Start looking, and you find manifestos in many places:

* This Critic’s Manifesto by Daniel Mendelsohn is as much an exploration-essay, but it amounts to a powerful distillation of the writer’s experiences, commitments, and desires in writing.

* David Shields’s Reality Hunger (subtitled A Manifesto) is a fantastic book-length cry for new forms in writing.

* Matt Haig, a king of lists, has written what amount to be some of the most heartfelt, funny and purposeful manifestos, e.g., How To Be A WriterTen Reasons Not To Be A Writer, and Ten Reasons Why It Is Okay To Read YA. Look for others on his site.

* I also came across some poets’ manifestos on Google.

* And then there are famous broadsides such as the Vorticists’ Blast and Charles Olson’s Projective Verse.

* Greta Thunberg, No One Is Too Small To Make A Difference

* 100 Artists’ Manifestos, edited by Alex Danchev (Penguin Classics)

* Why Are We ‘Artists’? 100 World Art Manifestos, selected by Jessica Lack (Penguin Classics)
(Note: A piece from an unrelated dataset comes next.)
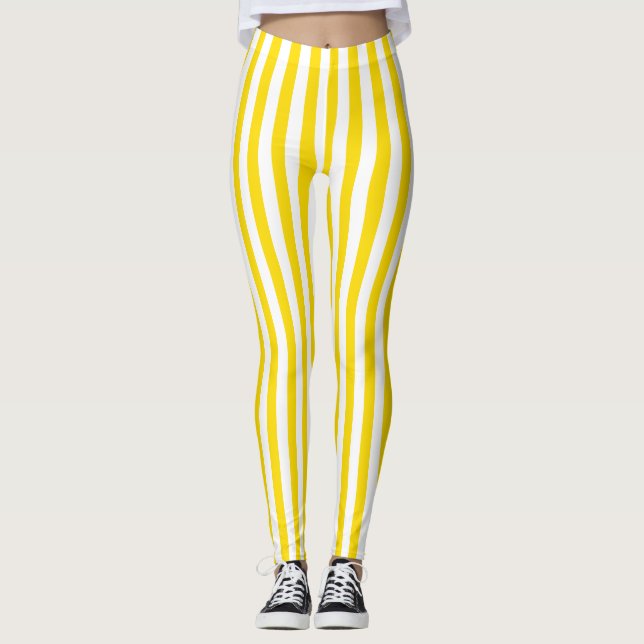 Gelbes Weiß färbt moderne Schablone elegant Leggings (Vorderseite)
* Michael Chabon, What’s The Point?

I do admit to finding some manifestos opaque, dull, or pompous, especially (sorry!) some of those by poets and self-described experimental writers and artists, and particularly (double sorry!) a lot of those by self-described experimental poets. I guess laying out your intent like that can open yourself to excess, abstraction, and cliché. It’s something to be mindful of, and to avoid or maybe to write with awareness of, writing through and out the other side until your writing is tangible and fresh again. But, too, I guess a bit of pomp is fair game when you’re giving free rein to your intent – and writers really should allow themselves this, unhindered, from time to time.

I also find that a manifesto is a useful tool during revision. It can be a super tool for clarifying where you are during your drafting, and I often ask writers I’m working with to write a manifesto – it helps me to understand what they are looking for, but more than that it often helps writers take stock, frequently at a point where they’re drifting or losing focus or getting stuck. Sometimes our intent shifts as a project evolves, and we need to keep tabs on that too.

Writing – and later referring back to and updating – a manifesto can also be a powerful way to restore flagging confidence at moments of doubt, or when you are shirking the task of fully owning your project.

So: for this week’s writing experiment, write yourself a manifesto. It could be a mission statement outlining your long-term intent as a writer, or it could be a five-year plan, or it could be a manifesto for a specific piece of writing, perhaps as part of your revision. It might be specific to a genre you’re working in. It could involve artistic and aesthetic principles as well as commercial goals, and it might (should?) also invite political consequence. Go on, be a revolutionary through your writing. Change the world. Even let yourself be pompous – this is one of those occasions where a bit of bombast will do you no harm.

Make that declaration. Set some boundaries, then see beyond them.